Fracking

BC Government: Frack the barriers to pollution

“Five thousand gallons per well of toxic chemicals.
 If there is eight wells per pad site,
 that is 40,000 gallons of toxic chemicals.”
 – James Northrup, former energy investor

British Columbia taxpayers reward energy companies that pollute. The province enacted a series of incentives, including self-regulation, right to pollute without punishment, access to fresh water, reduced royalties and credits for building roads and pipelines.

Oh, Canada’s Become a Home for Record Fracking, Nicholas Kusnetz, ProPublica

Early last year, deep in the forests of northern British Columbia, workers for Apache Corp. performed what the company proclaimed was the biggest hydraulic fracturing operation ever.

The project used 259 million gallons of water and 50,000 tons of sand to frack 16 gas wells side by side. It was “nearly four times larger than any project of its nature in North America,” Apache boasted.

The record didn’t stand for long. By the end of the year, Apache and its partner, Encana, topped it by half at a neighboring site.

As furious debate over fracking continues in the United States, it is instructive to look at how a similar gas boom is unfolding for our neighbor to the north.

To a large extent, the same themes have emerged as Canada struggles to balance the economic benefits drilling has brought with the reports of water contamination and air pollution that have accompanied them.

“The Canadian boom has differed in one regard: The western provinces’ exuberant embrace of large-scale fracking offers a vision of what could happen elsewhere if governments clear away at least some of the regulatory hurdles to growth.

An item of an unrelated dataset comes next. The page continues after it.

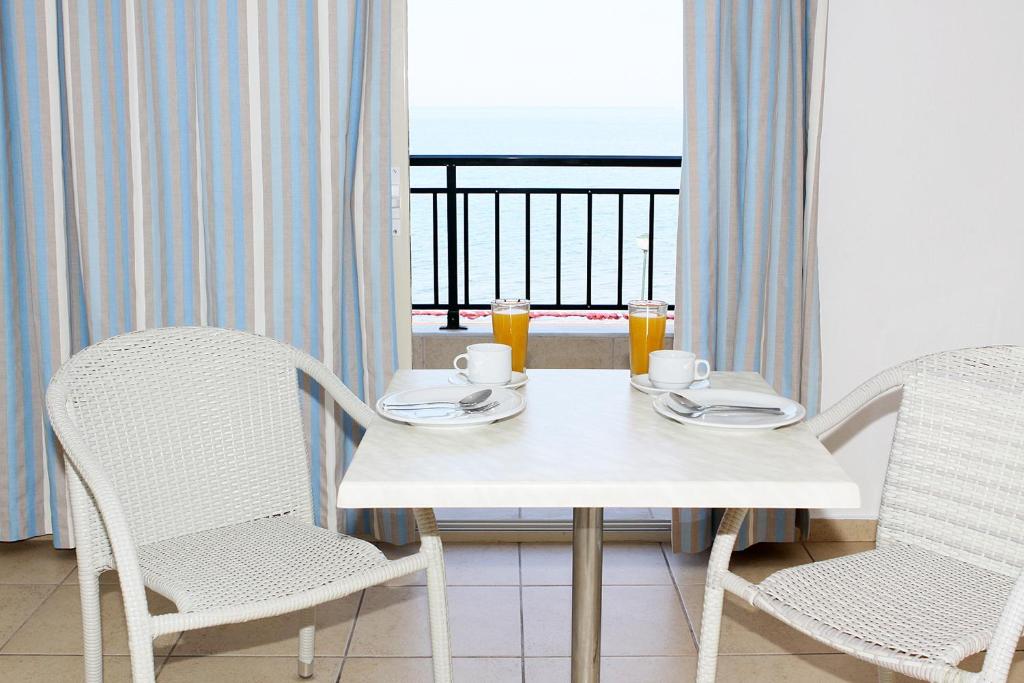 Miramare Hotel photo 3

“Even as some officials have questioned the wisdom of doing so, Alberta and British Columbia have dueled to draw investment by offering financial incentives and loosening rules. The result has been some of the most intensive drilling anywhere…”

“The cost-benefit of B.S., of P.R., of ads and payoffs to politicians
 is extraordinary. The return on investment of paying off a
politician, running an ad, discrediting critics is…
it’s one of the best investments that the industry can make.”

– James Northrup, former energy investor

Categories: Fracking, ProPublica

4 replies »

  1. I guess it's real fracking good, when citizen's can light their tap water on fire. Must be fracking good, when livestock can't drink the water, nor the wild creatures. So what, if the clean underground water is contaminated, under the lands? Some people have to wear respirators, that's how sick they get.

    Never in my life, have I ever seen, such ugly, rabid greed in our politicians. They are absolutely disgusting.

    Who in their right mind, would do this kind of crap? You can't water any food crops, with gas poison in it. You can't eat poisoned animals. You can't drink poisoned water.

    I have never seen so many, greedy brain dead politicians in my life.

    Like

  2. thanks Norm, you're my top go-to indy BC new source. And I'm so thankful for you and the other journalist bloggers for lighting a candle.

    Wishing you all the best in 2012.